WHAT IS EXPECTED: Retype word for word the line containing "Belgian 7mm Pinfire" and each line that follows it in the records below, through the last one, with no pictures.

RECORDS SUPPLIED:
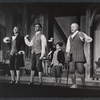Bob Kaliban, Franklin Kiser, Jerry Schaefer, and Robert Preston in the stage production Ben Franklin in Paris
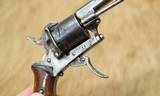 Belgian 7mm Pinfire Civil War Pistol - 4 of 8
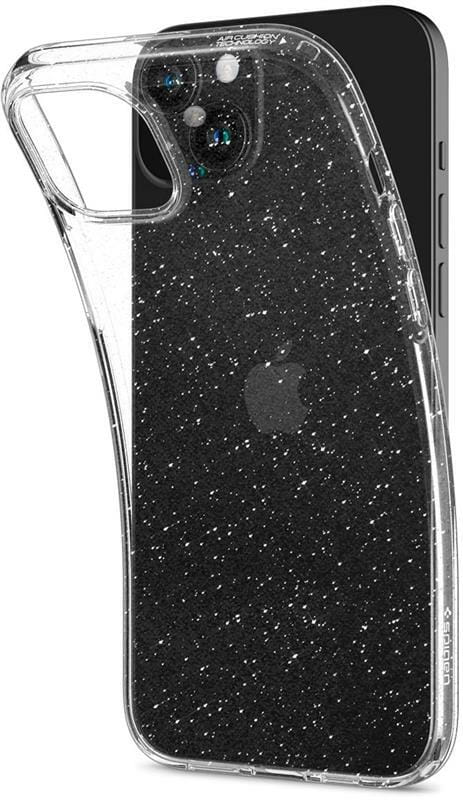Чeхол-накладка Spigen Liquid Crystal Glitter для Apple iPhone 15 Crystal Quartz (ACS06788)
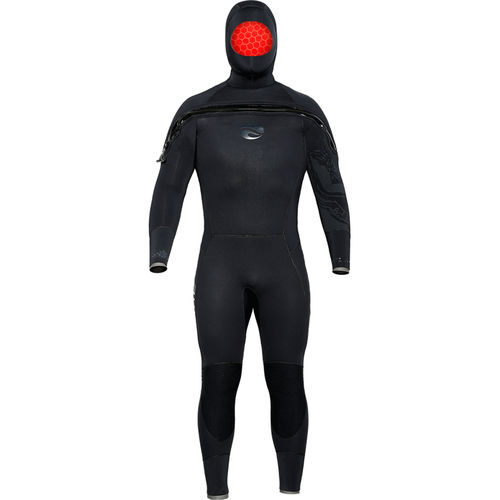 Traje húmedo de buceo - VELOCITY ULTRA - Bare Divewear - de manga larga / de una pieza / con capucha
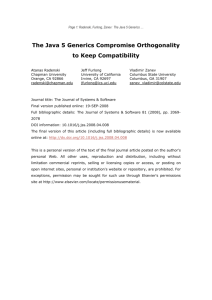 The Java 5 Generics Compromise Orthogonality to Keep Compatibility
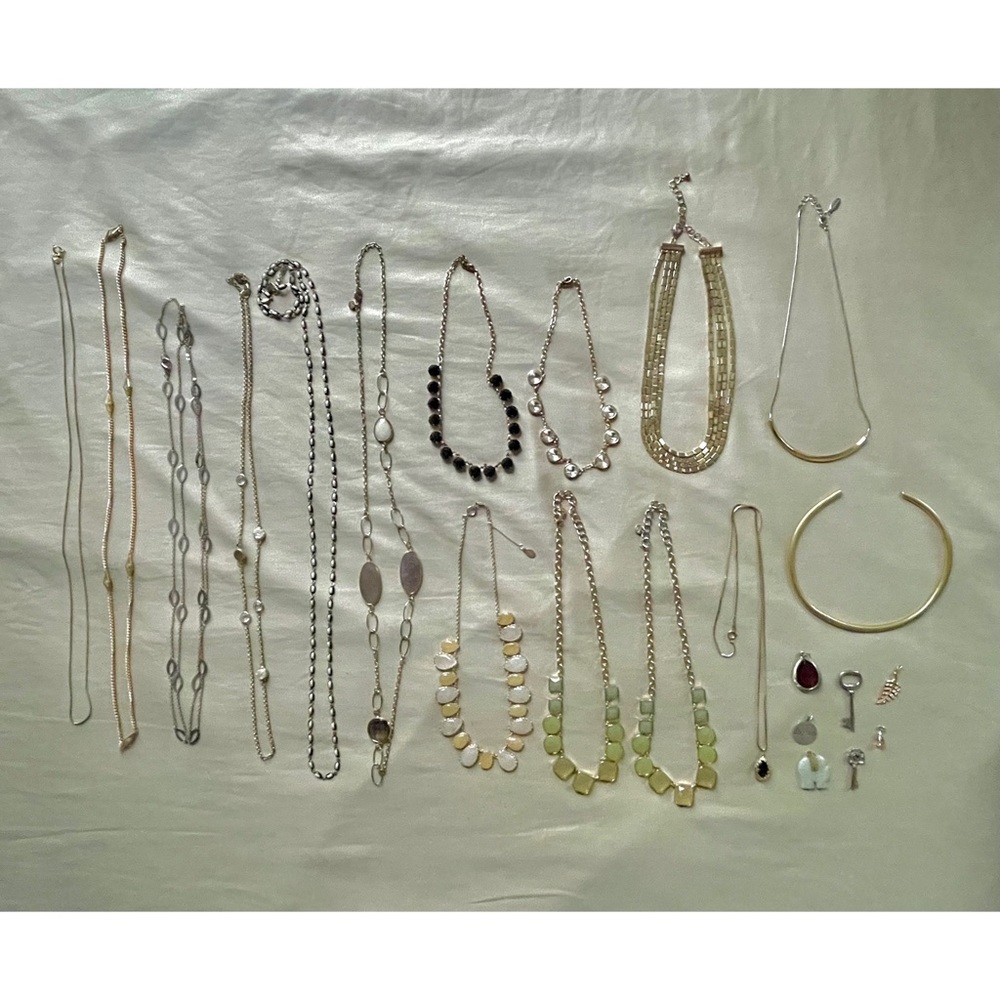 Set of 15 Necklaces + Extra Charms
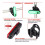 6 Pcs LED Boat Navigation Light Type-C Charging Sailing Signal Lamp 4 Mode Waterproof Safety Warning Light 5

REPLY TO THE EXERCISE:
 Belgian 7mm Pinfire Civil War Pistol - 4 of 8
Чeхол-накладка Spigen Liquid Crystal Glitter для Apple iPhone 15 Crystal Quartz (ACS06788)
 Traje húmedo de buceo - VELOCITY ULTRA - Bare Divewear - de manga larga / de una pieza / con capucha
 The Java 5 Generics Compromise Orthogonality to Keep Compatibility
 Set of 15 Necklaces + Extra Charms
 6 Pcs LED Boat Navigation Light Type-C Charging Sailing Signal Lamp 4 Mode Waterproof Safety Warning Light 5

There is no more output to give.